(LISTED ENTRIES begins)

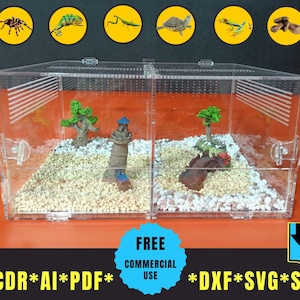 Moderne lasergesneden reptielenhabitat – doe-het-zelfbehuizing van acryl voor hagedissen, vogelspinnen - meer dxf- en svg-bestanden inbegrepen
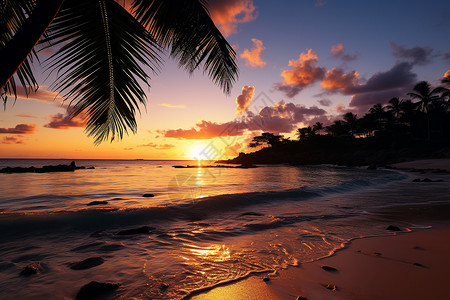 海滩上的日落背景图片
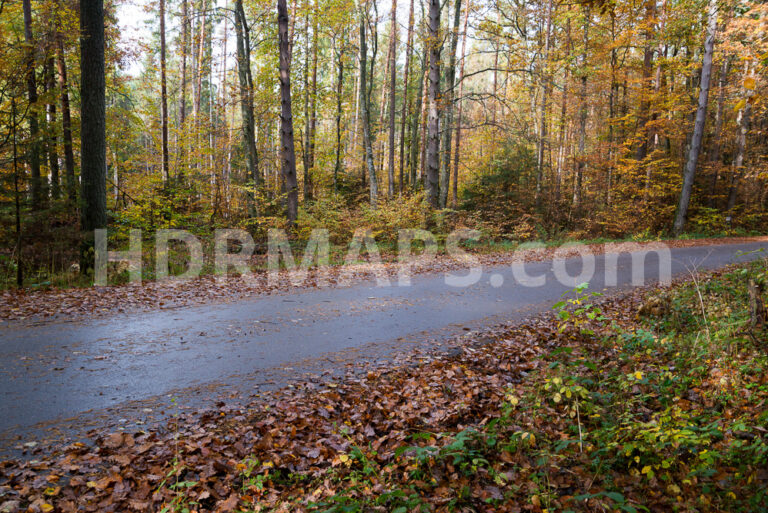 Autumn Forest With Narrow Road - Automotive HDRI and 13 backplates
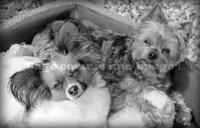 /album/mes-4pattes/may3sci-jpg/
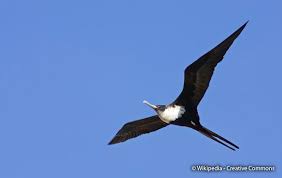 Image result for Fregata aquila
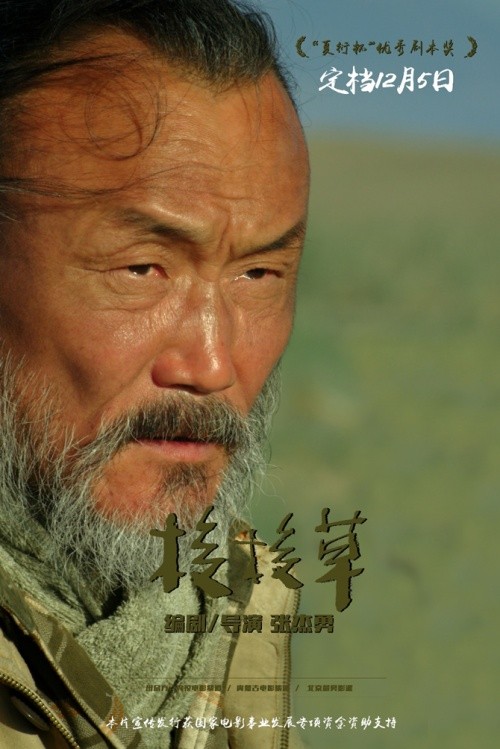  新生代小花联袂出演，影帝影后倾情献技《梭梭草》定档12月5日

(LISTED ENTRIES ends)
(LISTED ENTRIES begins)

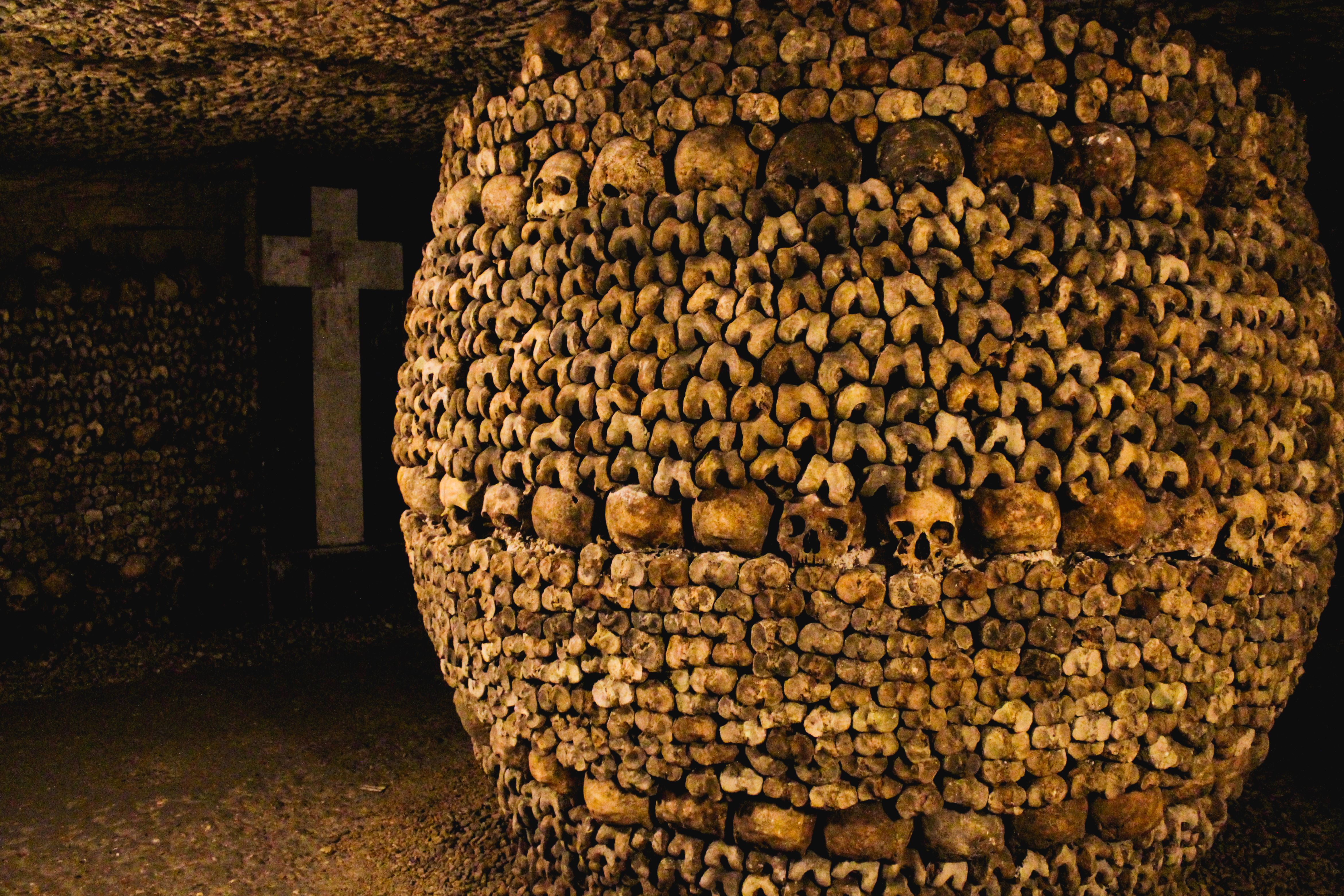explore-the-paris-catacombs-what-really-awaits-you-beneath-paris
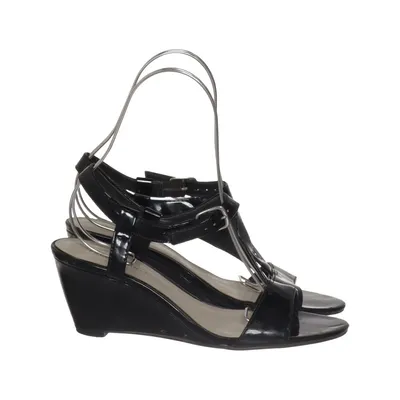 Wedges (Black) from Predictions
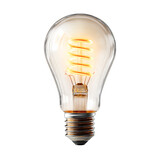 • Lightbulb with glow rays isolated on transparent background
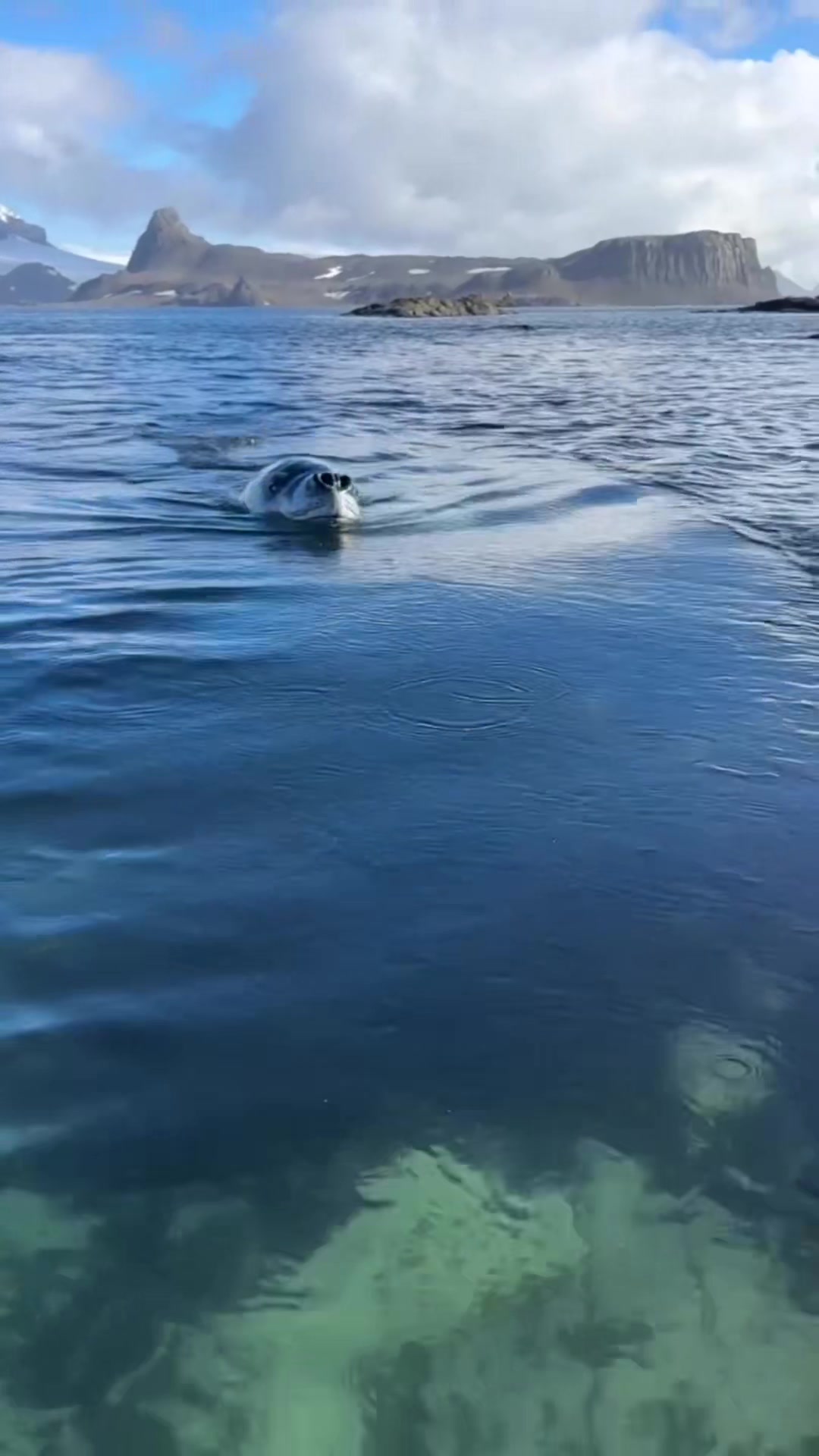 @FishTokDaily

(LISTED ENTRIES ends)

◆ **ACTIVITY**:
Could you repeat, exactly, only the lines above starting at the one that has "Image result for Fregata aquila" and stopping after the one that has "新生代小花联袂出演，影帝影后倾情献技《梭梭草》定档12月5日", without the pictures?

◆ **SOLUTION TO THIS TASK**:
 Image result for Fregata aquila
  新生代小花联袂出演，影帝影后倾情献技《梭梭草》定档12月5日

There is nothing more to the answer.